SUPPLIED MATERIAL: Begin

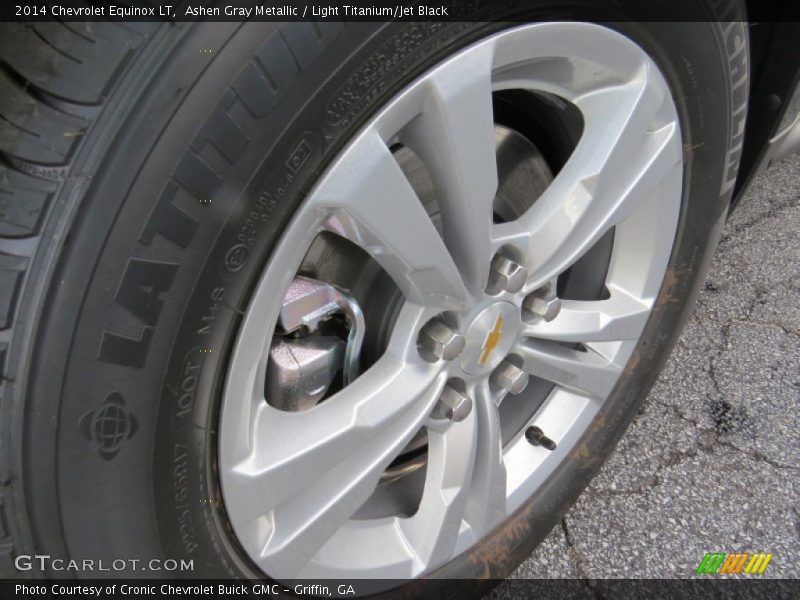 Ashen Gray Metallic / Light Titanium/Jet Black 2014 Chevrolet Equinox LT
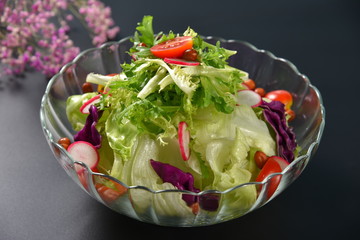 fresh vegetable salad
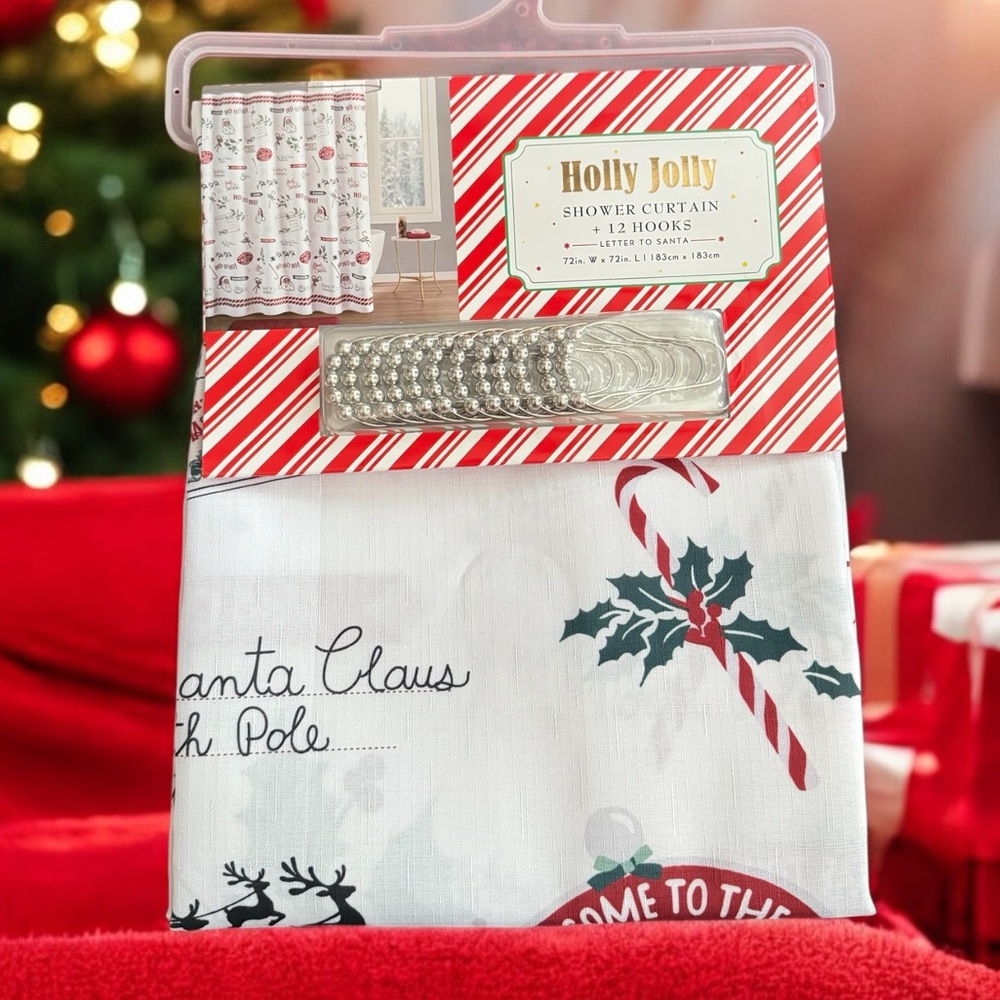 Christmas Letters to Santa Shower Curtain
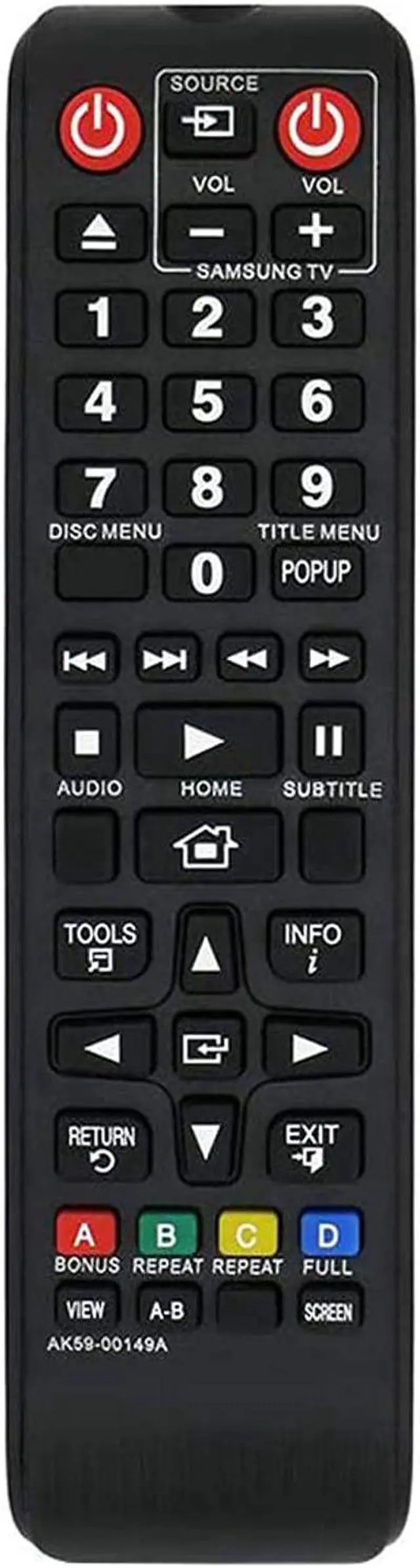 Main image of New Ak59-00149A Remote Fit For Samsung Blu-Ray Disc Dvd Player Bd-F5100 Bd-F5500/Zf Bd-Fm51 Bd-Fm57C Bd-H5100 Bd-H5900 Bd-Hm51 Bd-Hm59 Bd-Hm59 Bd-J5100 Bd-J5700 Bd-J5900 Bd-Jm51 Bd-Jm57 Bd-Jm59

SUPPLIED MATERIAL: End

• _WHAT TO PRODUCE_
Skip the pictures. Write out exactly the lines from the one with "fresh vegetable salad" through the last line of the listing, both ends included, and nothing more.

• _RESULT FOR THIS TASK_
 fresh vegetable salad
 Christmas Letters to Santa Shower Curtain
 Main image of New Ak59-00149A Remote Fit For Samsung Blu-Ray Disc Dvd Player Bd-F5100 Bd-F5500/Zf Bd-Fm51 Bd-Fm57C Bd-H5100 Bd-H5900 Bd-Hm51 Bd-Hm59 Bd-Hm59 Bd-J5100 Bd-J5700 Bd-J5900 Bd-Jm51 Bd-Jm57 Bd-Jm59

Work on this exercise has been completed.